- DIRECTIONS FOR THIS TASK
All of the data that follows should be given again exactly, without its images.

- MATERIAL PROVIDED
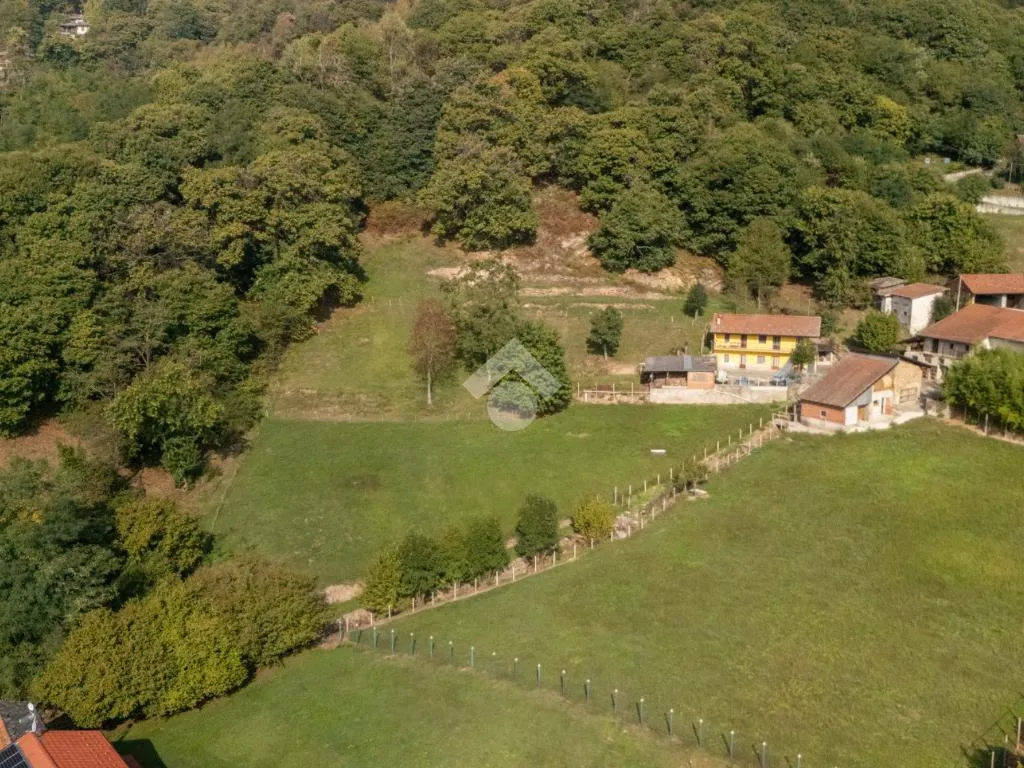 Õhuvaade - Independent House with Panoramic View in Rifreddo
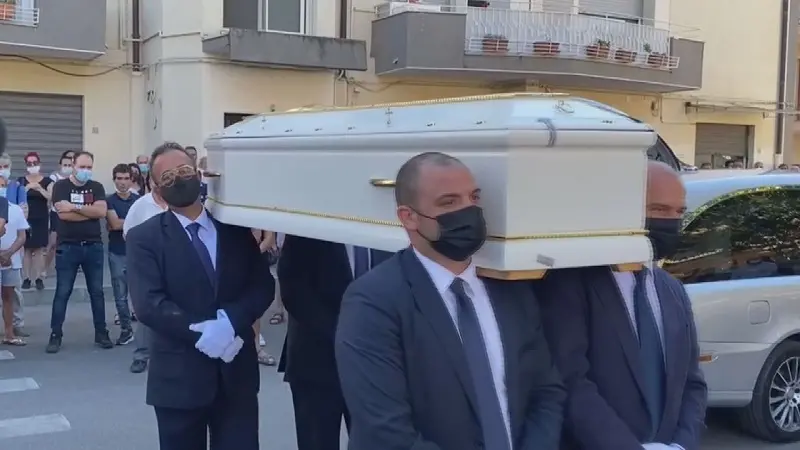 Struggente ultimo abbraccio di Soverato alla sua Simona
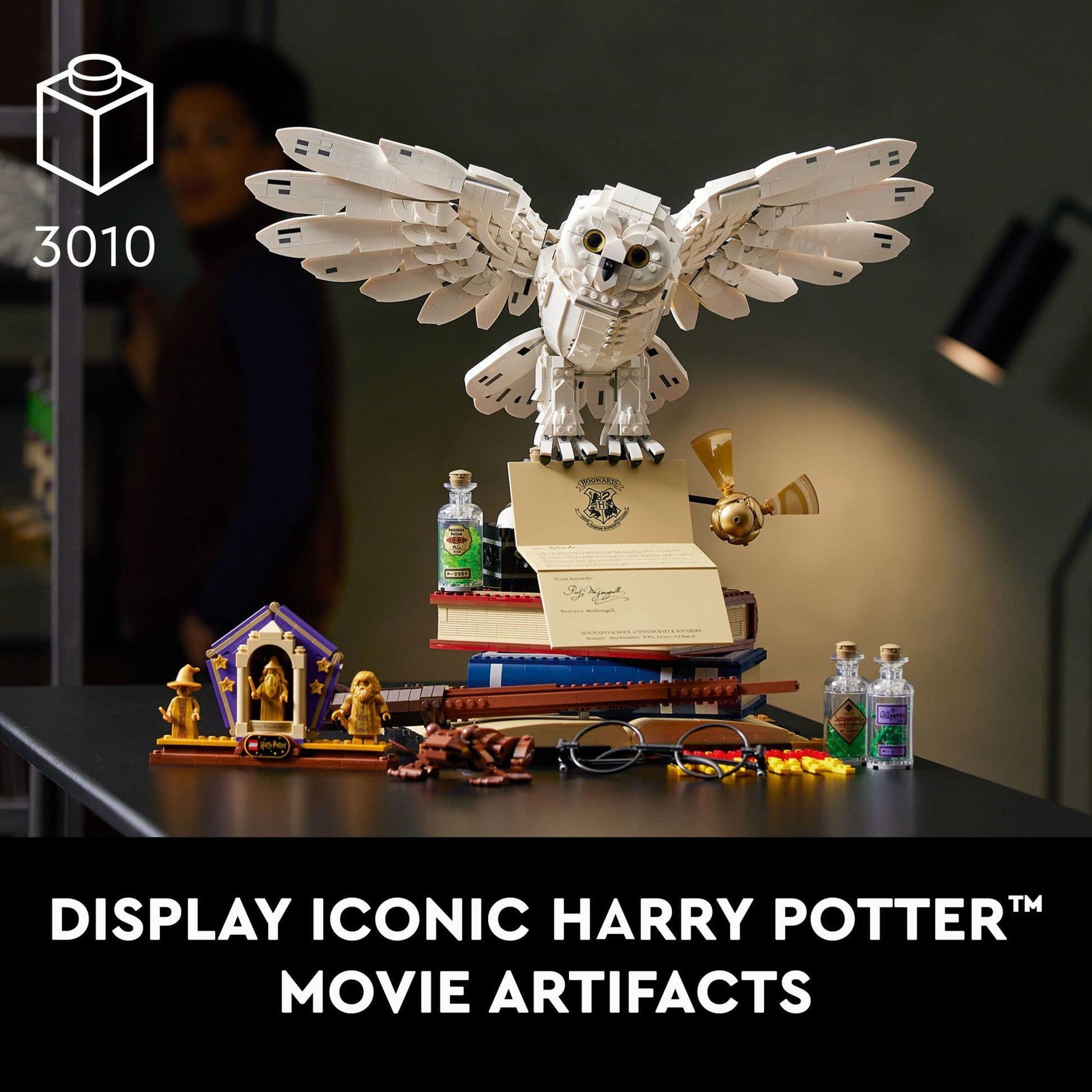 LEGO Harry Potter Hogwarts Icons - Collectors' Edition 76391 20th Anniversary Collectable Hedwig Owl Model, with 3 Exclusive Golden Minifigures:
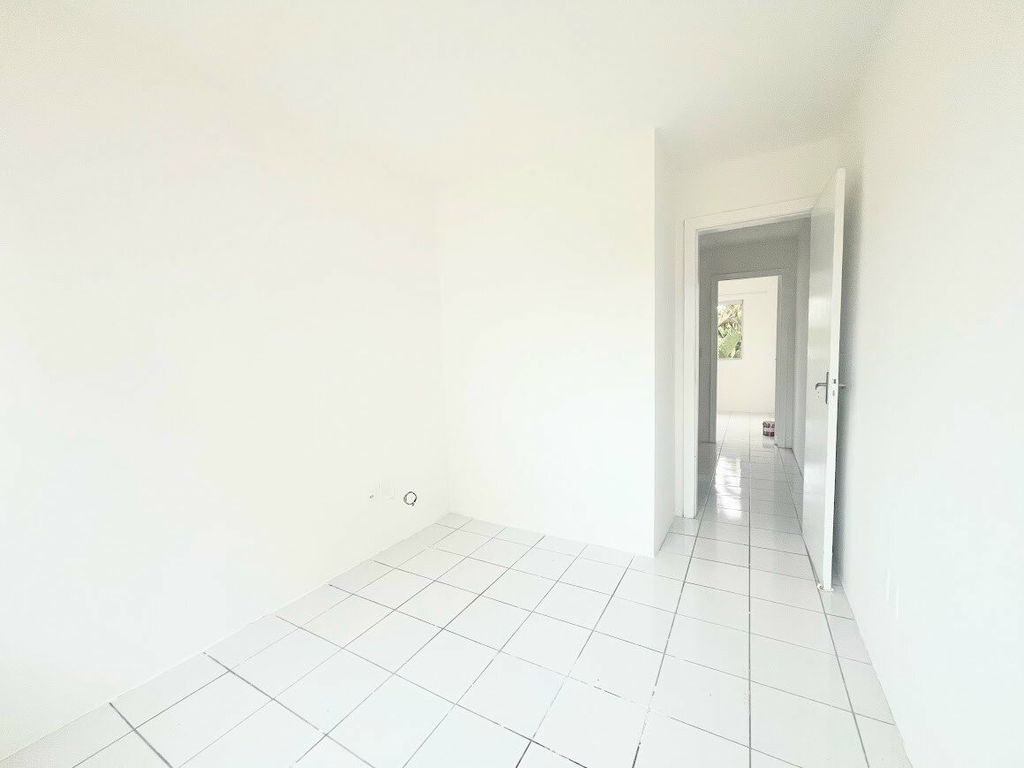 Casa à venda com 2 quartos, 63m² - Foto 9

- EXERCISE RESULT
 Õhuvaade - Independent House with Panoramic View in Rifreddo
 Struggente ultimo abbraccio di Soverato alla sua Simona
 LEGO Harry Potter Hogwarts Icons - Collectors' Edition 76391 20th Anniversary Collectable Hedwig Owl Model, with 3 Exclusive Golden Minifigures:
 Casa à venda com 2 quartos, 63m² - Foto 9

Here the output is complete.